3 August 2021

Public and private keys

Let’s focus on the coolness that is public/private key cryptography. The basic idea of how it works is a clever one. The basic idea of cryptography is that you have a secret key. You use that to encode some information, which converts it from a readable form into garbage effectively. Making it look like random noise. You then transfer that to somebody else and then they can decrypt it and read the message. Anyone who’s listening in on your communication isn’t able to find out anything about the information that you’re communicating. You can do it intuitively,  especially if you’re doing the simple code something like a Caesar Cipher you may have used as a kid.

Caesar Cipher
Figure 1: Caesar Cipher (from https://en.wikipedia.org/wiki/Caesar_cipher)

A symmetric encryption

There’s one secret that you both have right, making this is a symmetric system. You’ve got a message (“Hello”) and it says hello, then you do some process to it to convert it using a key. This key is some secret piece of information, which then converts the message into nonsense (“XycGF”). Then you send this to the other person, and they decrypt it with a process. A kind of the same process in reverse, using the same key and then they get the message (“Hello”) back. It was once the only way that people did things.

The problem with a symmetric encryption

But it has a problem, which is you both need to know what this key is. If it’s two persons who want to communicate with one another privately, they have to agree on a key that nobody else is going to be able to guess. The key has to be shared with one another. An appointment might be made to meet in the park in secret and exchange envelopes for example. The kind of thing spies used to do. The problem with that is, firstly, it’s very inconvenient. Secondly, sometimes you can’t do it like that as you might be physically separated. You want to do something over the internet and maybe you’ve never met.

An asymmetric encryption

private & public key
Figure 2: private & public key (screenshot from the YouTube video)

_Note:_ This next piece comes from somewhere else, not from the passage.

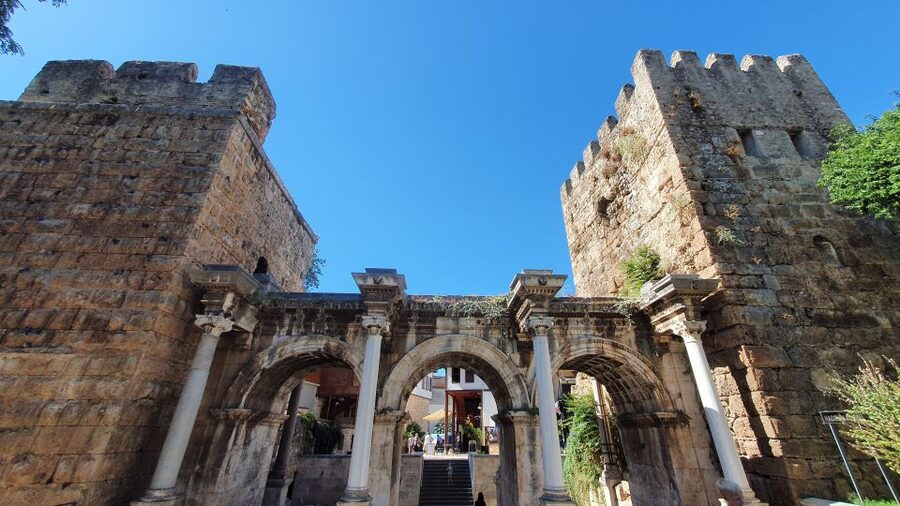 Antalya Photo Tour with Waterfalls, Old City & Boat Trip - Pickup timing and the shape of the day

The problem is: how do you send this key without just sending the key in the clear, as it was not encrypted. To share the key safely, a secure encrypted connection is needed. A secure encrypted connection can’t be established without a key. There’s a way of solving this problem, which is asymmetric encryption. What you do is you generate two keys,  let’s call them key A and key B. In an asymmetric system, you have two keys and then it’s the same as before. You’ve got your message that says “Hello”, you encrypted it with key A and then you get “Hello” again. The description, in this case, uses key B.

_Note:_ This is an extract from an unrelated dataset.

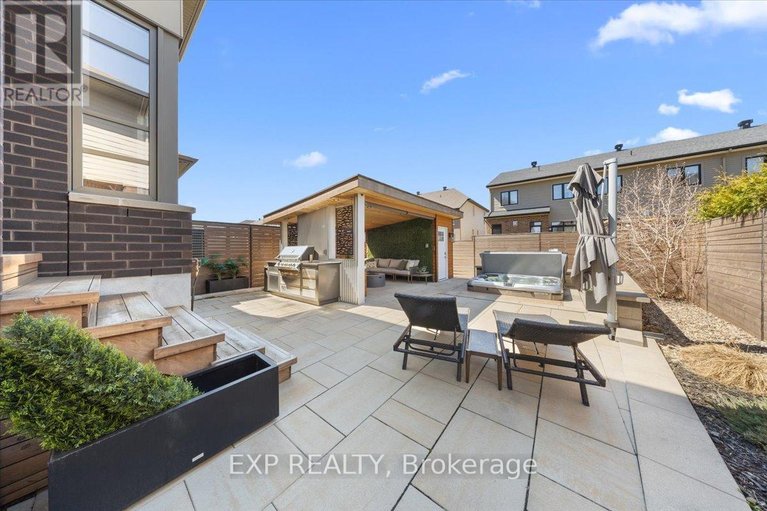 29639799/769-brian-good-avenue/riverside-southgloucester-glen/ottawa/ontario/K4M0E3_29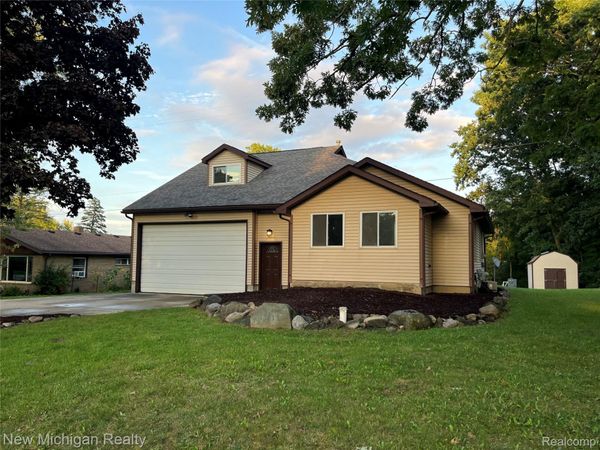 15133 Eddy Lake Road , Holly Township, Mi 48430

The working of the key pair

You can’t guess one key from the other. They’re linked in such a way that anything you encrypt with key A, can only being decrypted with key B. Anything you encrypt with key B can only be decrypted with key A. That means you work with two keys. You generate a pair of these keys, which is called a key pair. Then pick one of the keys and make it your public key. Publish it everywhere, for example on the end of all your emails or your forum posts. Or upload it to a key server, a specialized service system designed for storing securely people’s public keys. Basically, the idea is that the public key is everywhere in the world with your name on it.

The private key

The private key, the other key of this pair, is the one you keep absolutely secret. You can do some cool things with this once you have this system set up. Person A has a key pair and person B has a key pair. Both persons have one another’s public keys. If you want to send a message, person A doesn’t have to share anything with person B. Person A knows person’s B public key, uses it to encrypt something and then send it to person B. Person A knows person B can decrypt it because person B has their private key.

Authentic message

Then there’s another thing you can do with this. Imagine you encrypts something with your private key and then publish it. One might think what the point is of encrypting it with the private key. Because the public key is out there so anyone can decrypt it, so why bother encrypting it. But the fact that it can be decrypted with your public key, means that it must have been encrypted with your private key. This means it must have been you who made the message because only you have your private key. Cryptographically, you can be certain that it’s an authentic message sent by you.

Using the public and private key

The best thing is when both are done. Where person A encrypts something with its private key and then its public key, After that the message is then to person B. And if they communicate like this, they know that nobody else can read the message. They know that the messages come from one of them and not from an imposter. They also know that the message hasn’t been modified, because any modification to the message also requires the private and public key. That’s a great and secure system. They didn’t have to meet in the park in a shifty way and exchange any information. They could never have met.

Public and private key simplified

It needs to be made clear that this is a simplified explanation. People who understand cryptography can be quite upset. But this explanation is for people don’t use crypto, because it’s made too complicated. The core concept is simple and the basic isn’t difficult to use and everyone should use it. If you put an envelope in the post and when it’s been opened, people know it’s been opened. There are laws about this. When you communicate in the clear, you know anyone can know exactly what you’re sending. There’s no reason to allow that.